L’odierna attività scaturisce da complesse e articolate indagini di polizia giudiziaria condotte, anche mediante intercettazioni telefoniche, ambientali, video e telematiche, dal nucleo di polizia economico finanziaria, che hanno permesso di raccogliere un quadro indiziario relativo alla presenza di un sodalizio criminale dedito al riciclaggio di denaro, provento essenzialmente di delitti fiscali attribuibili, a livello gravemente indiziario, a tre società, operanti in Piemonte ed esercenti l’attività di commercio di materiale ferroso.
Secondo gli indizi raccolti l’associazione per delinquere, avvalendosi di un collaudato meccanismo fraudolento, avrebbe consentito alle aziende coinvolte di ottenere: un’indebita detrazione di imposte, costi fittizi finalizzati ad abbattere l’utile d’impresa e “drenare” fondi dalle stesse. Solo negli anni 2023 e 2024 gli indizi sino ad oggi raccolti hanno riguardato l’emissione e l’utilizzo di fatture false per oltre 3 milioni di euro.

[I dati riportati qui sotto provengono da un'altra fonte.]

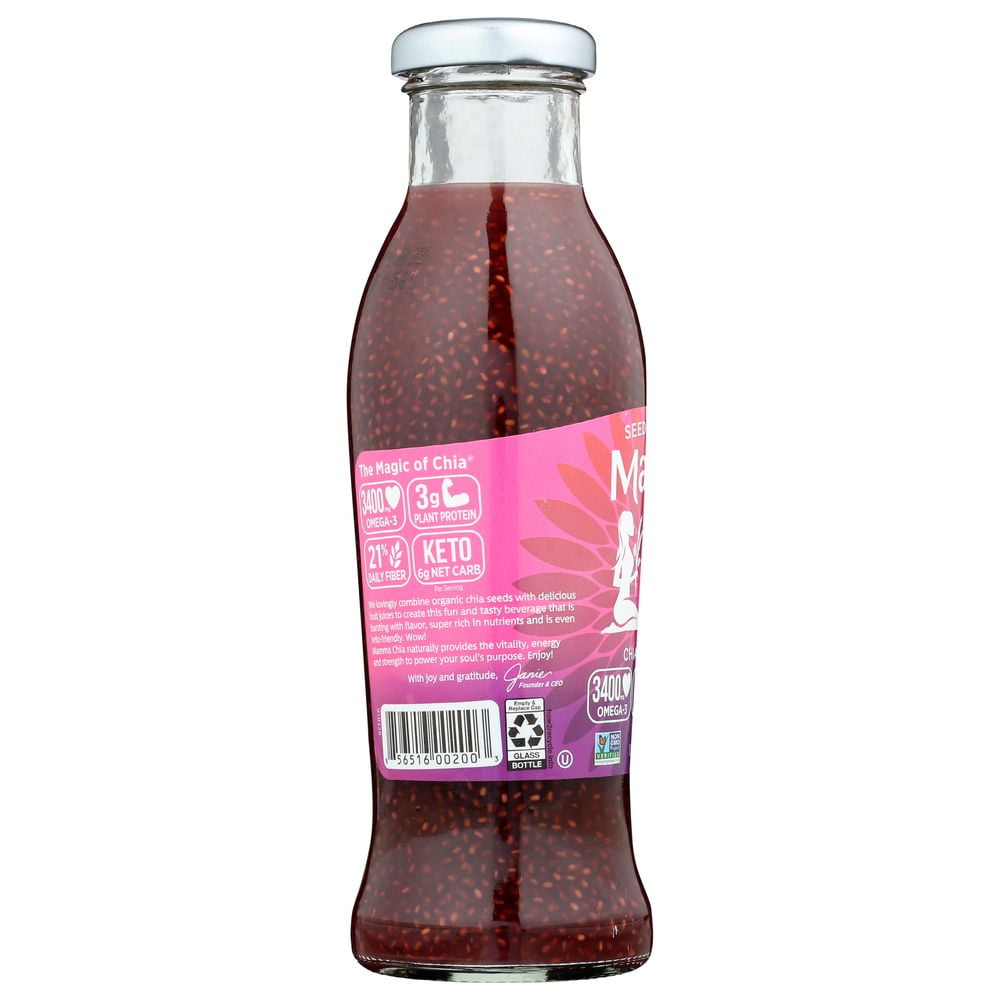 Mamma Chia Organic Raspberry Passion Vitality Beverage, 10 Ounce -- 12 per Case.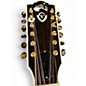 Used Guild F512E Tobacco Sunburst 12 String Acoustic Electric Guitar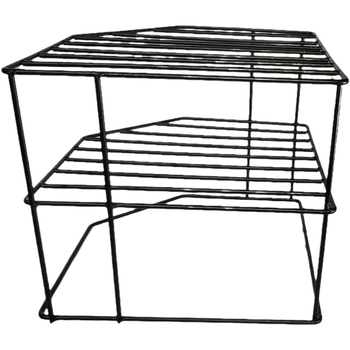 Kūrybingas kaltinio geležies virtuvės prieskonių stovas virtuvės reikmenų laikymo lentynėlė metalinė amatų laikymo lentynėlė dvigubo sluoksnio darbalaukio saugykla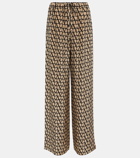 Valentino Toile Iconographe silk wide-leg pants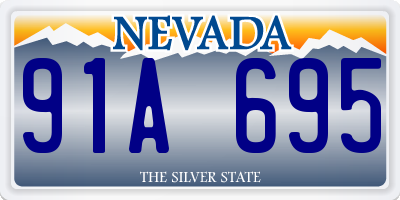 NV license plate 91A695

Secondo il complesso indiziario fino ad oggi raccolto, una volta incassato l’importo della fattura falsa, la società emittente lo avrebbe trasferito sui conti personali di uno degli indagati che a sua volta si sarebbe occupato di riciclarlo presso la casa da gioco di San Vincent, mediante la compiacenza di due funzionari infedeli ottenendo, in tal modo, somme in contanti o “fiches” da restituire alle società che avevano annotato
le fatture.
Viene ad oggi contestata, l’infedele condotta di uno dei funzionari della casa da gioco che, in qualità di incaricato di pubblico servizio e in cambio un compenso di volta in volta concordato, avrebbe ricevuto da numerosi giocatori provenienti da ogni parte d’Italia, ingenti somme di denaro che, all’interno del proprio ufficio, avrebbe convertito in fiches o strumenti finanziari tracciabili simulando vincite, in realtà, mai avvenute e celandone, in tal modo, anche l’eventuale origine illecita.